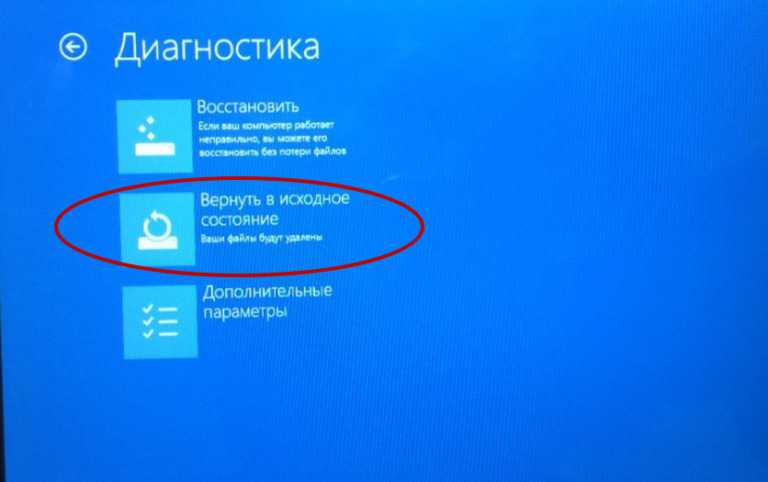 Лучшие 3 способа обхода пароля в windows 7, когда он забыть о ней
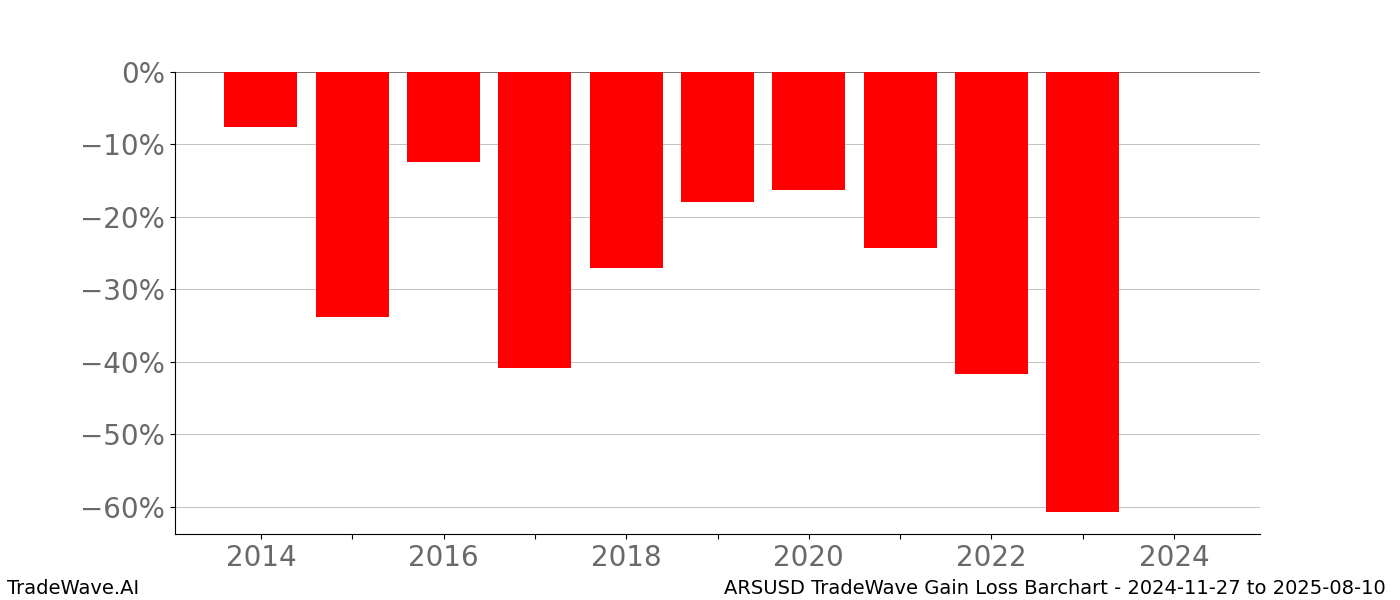 Gain/Loss barchart ARSUSD for date range: 2024-11-27 to 2025-08-10 - this chart shows the gain/loss of the TradeWave opportunity for ARSUSD buying on 2024-11-27 and selling it on 2025-08-10 - this barchart is showing 10 years of history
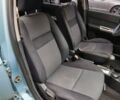Синий Хендай Гетц, объемом двигателя 1.4 л и пробегом 236 тыс. км за 4600 $, фото 14 на Automoto.ua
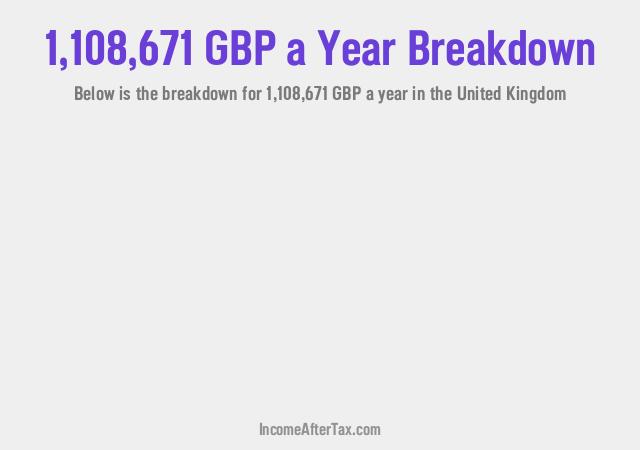 How much is £1,108,671 a Year After Tax in the United Kingdom?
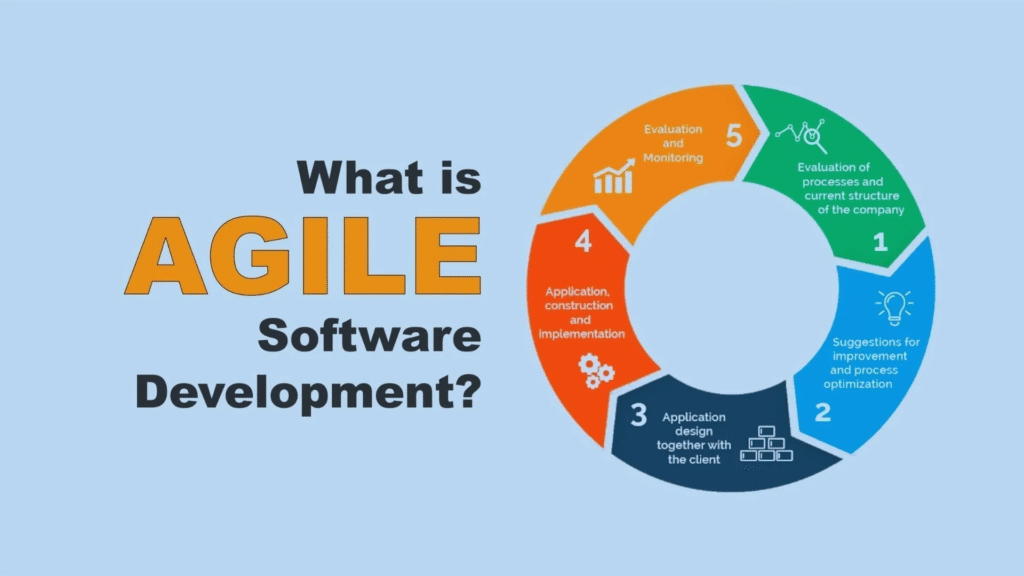 How to Tips for Keeping Your Business Agile and Adaptable 3 image 61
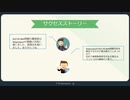 IBM M2150-860試験,M2150-860試験問題集,M2150-860テスト対策書|testpassport.jp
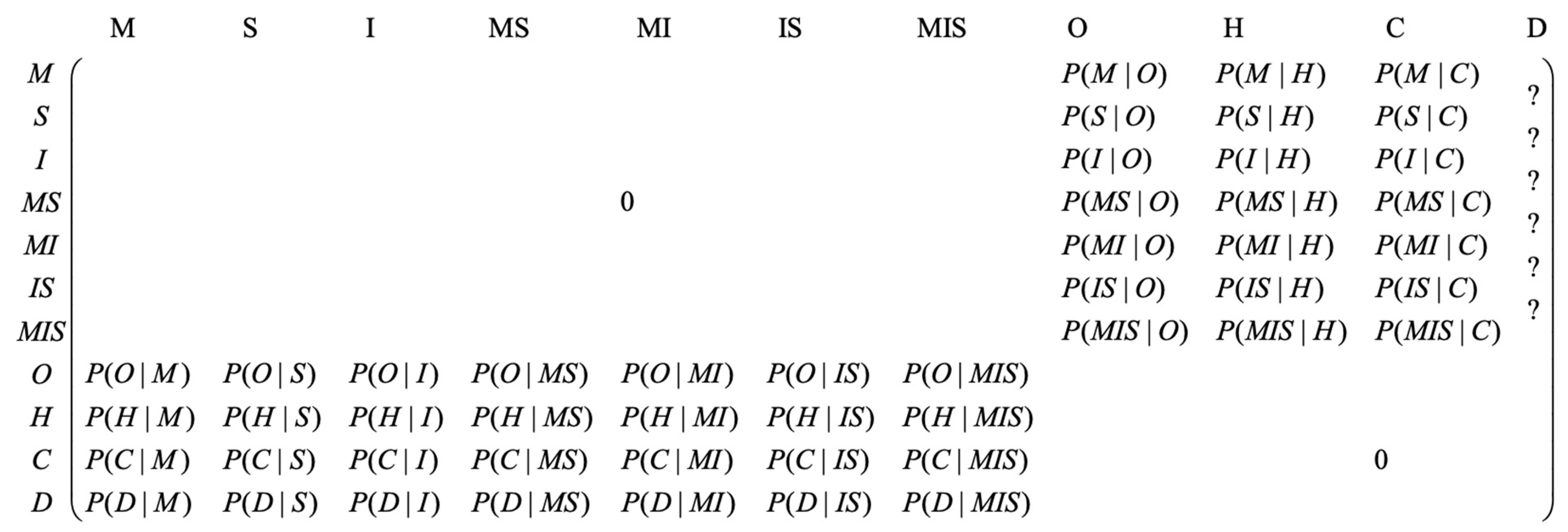 Applsci 13 03314 g002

************

Exercise requirements: Copy, exactly and exclusively, the lines beginning with the one that contains "IBM M2150-860試" and ending with the last line of the listing; pictures are to be omitted.

Task output:
 IBM M2150-860試験,M2150-860試験問題集,M2150-860テスト対策書|testpassport.jp
 Applsci 13 03314 g002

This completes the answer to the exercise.